The division of the separate accessions of material has been maintained during the listing of the collection, with the exception of the material donated by Leslie Harrison, as this had been amalgamated and the original order could not be determined. This system of arrangement means that certain types of material, for example newspaper articles or career papers of Captain Lord, can be found in more than one section of the catalogue. The contents page should be consulted when using this list.

Access Information

The Maritime Archives & Library is located on the second floor of the Merseyside Maritime Museum and open Tuesday to Thursday, 10.30 am to 4.30 pm.


The collection is accessible to any reader within the Maritime Archives and Library Searchroom. Access restrictions for security reasons may be placed on certain items.

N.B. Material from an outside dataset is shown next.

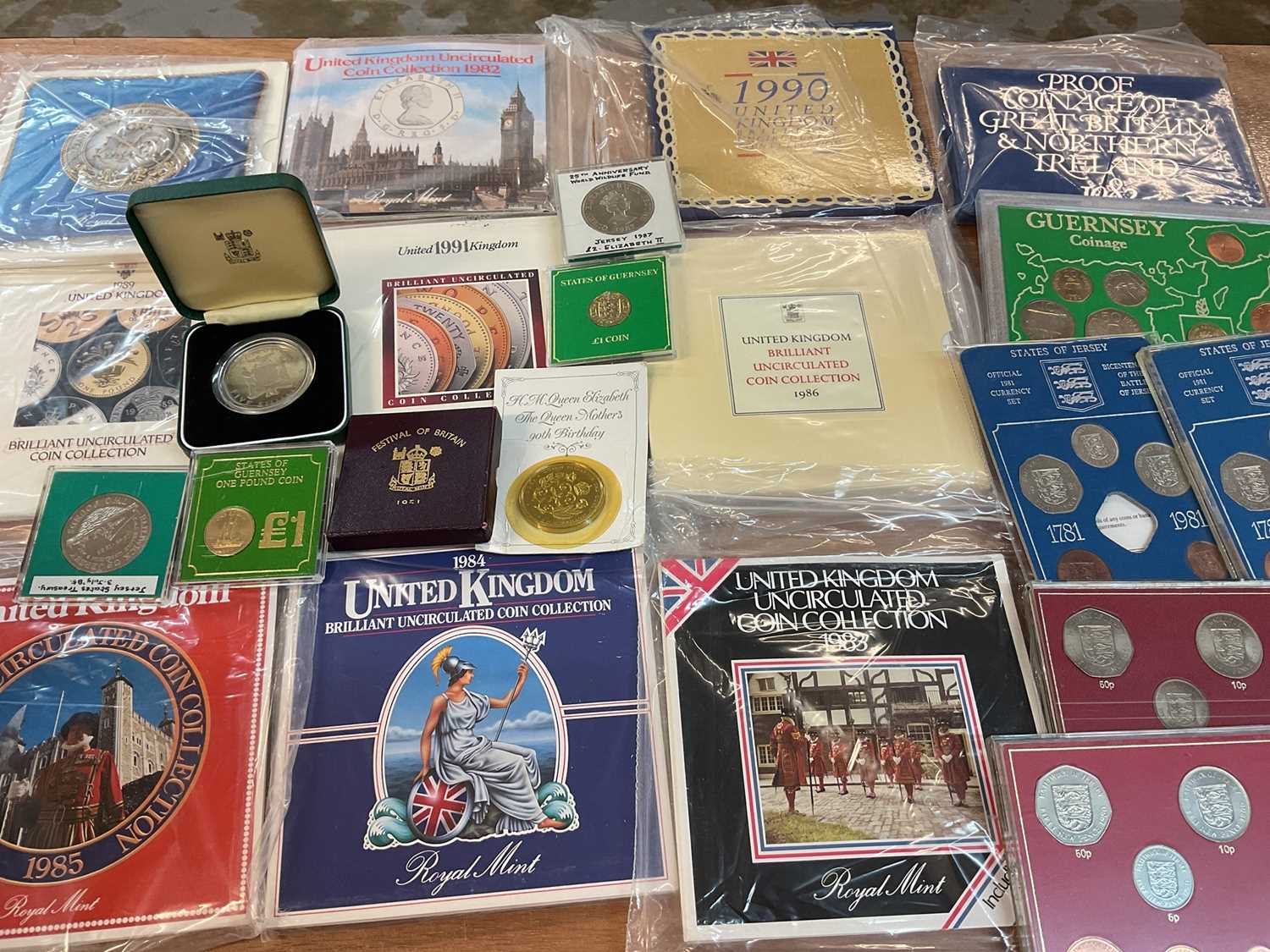 Lot 466 - World - Mixed base metal coin sets to include G.B. Royal Mint proof year sets 1970, 1971, 1982, uncirculated flatpack year sets 1985, 1983 x 2, 1984 x 2, 1985 x 2, 1986, 1987, 1988, 1989, 1990,...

Maritime Archives & Library, Merseyside Maritime Museum, Albert Dock, Liverpool, L3 4AQ.

Tel: 0151 478 4424



Other Finding Aids

Searchable online Information Sheets describe the records held (and not held) in the Maritime Archives and Library, and the information they contain:

Archivist's Note

Created by Jane Ronson (Archives Hub team) using the Archives Hub EAD Editor, March 2014.

Description prepared by Sarah Starkey (Curator of Maritime Archives), 11 July 2007.

Custodial History

The collection was received by the Maritime Archives & Library, National Museums Liverpool, in 4 separate accessions. Section D/LO/1 was donated by Stanley Tutton Lord, son of Captain Lord, on 2 March 1983. A further instalment of material, D/LO/2, was received from the executors of Stanley Tutton Lord on 13th March 1995. Walter Leslie Stringer Harrison, (usually known as Leslie Harrison) former General Secretary of the Mercantile Marine Service Association deposited the records that form section D/LO/3 on 20 October 1982 and 20 March 1984, these items were gifted to National Museums Liverpool in 1996.

Related Material

The library collection of the Maritime Archives & Library holds a large number of books and pamphlets at reference code 340.TIT. These include the publications by Leslie Harrison, A Titanic Myth and Defending Captain Lord which reproduce a large amount of the original material in this collection.

The archive collection contains a small number of items relating to the Titanic, including a first class ticket for the maiden voyage and telegraphic messages sent from the Carpathia. See Guide to the Records of Merseyside Maritime Museum, volume 2, chapter 8 for full details. Stanley Lord’s service history with the Leyland Line is documented in DX/863, Captain’s Report on Officers, c.1875-1930.